Friday, August 18, 2006

Low Income Flats: More Polemics

Ever since Jusuf Kalla's statement, low-income vertical housing (flats) are gaining attention. Jakarta's Deputy Governor Fauzi Bowo rebutted the VP's call to build 20-storey flats in all cities with more than 2 million. He said, "to build flats we need a wide area. We just don't have that kind of land in the middle of the city." Fathi R Shidiq from the Parliament exacerbated the logic of this whole argument by saying "if the government forces its will to build low-income flats in the middle of the city, then get ready to confront the urban poor."
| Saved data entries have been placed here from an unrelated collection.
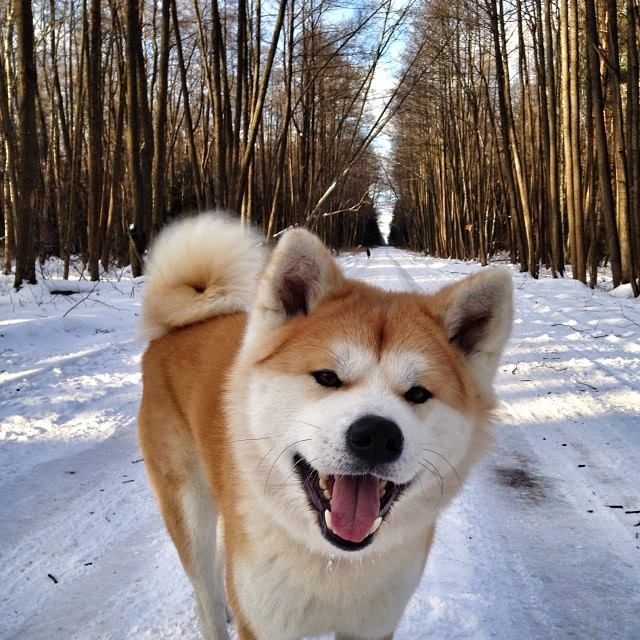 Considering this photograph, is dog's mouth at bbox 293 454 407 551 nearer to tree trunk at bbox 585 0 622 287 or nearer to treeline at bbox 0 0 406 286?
treeline at bbox 0 0 406 286

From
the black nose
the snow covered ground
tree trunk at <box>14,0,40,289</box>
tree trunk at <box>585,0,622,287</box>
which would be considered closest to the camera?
the black nose

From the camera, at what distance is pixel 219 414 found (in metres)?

What interesting statements. Here's my response:
  1. To Mr. Bowo: Isn't vertical housing invented as a solution to the issue of land shortage? Your reason to disagree with flats is all the more reason to build it.
  2. To Mr. Shidiq: Won't these flats be built FOR the urban poor? If they can still stay in the same strategic area of the city, with secure tenure, then why should they oppose it? Unless you're saying that usually what happens is that the poor previously living in the area get evicted, and that the flats in the end are occupied by the middle class...
It seems like building these flats is not as simple as the VP may have thought, eh?

PS:
1) Pak Darrundono, in another article, provided the more institutional and cultural challenges of flats provision. These include such flats being too product oriented, too expensive, exclusive to the private sector and tenants, weak on management, opposes the principle of government as "enabler," transplanted into Indonesia from other cultures, are difficult to accept by the low-income population since to live in such flats, hey have to undergo a sudden change of culture.
2) Another article profiles Jakarta's attempt to redevelop the Pulomas flats in Jakarta into a middle class settlement.
3) Photo above portrays the chaotic utility (water) pipes in the Penjaringan Flats.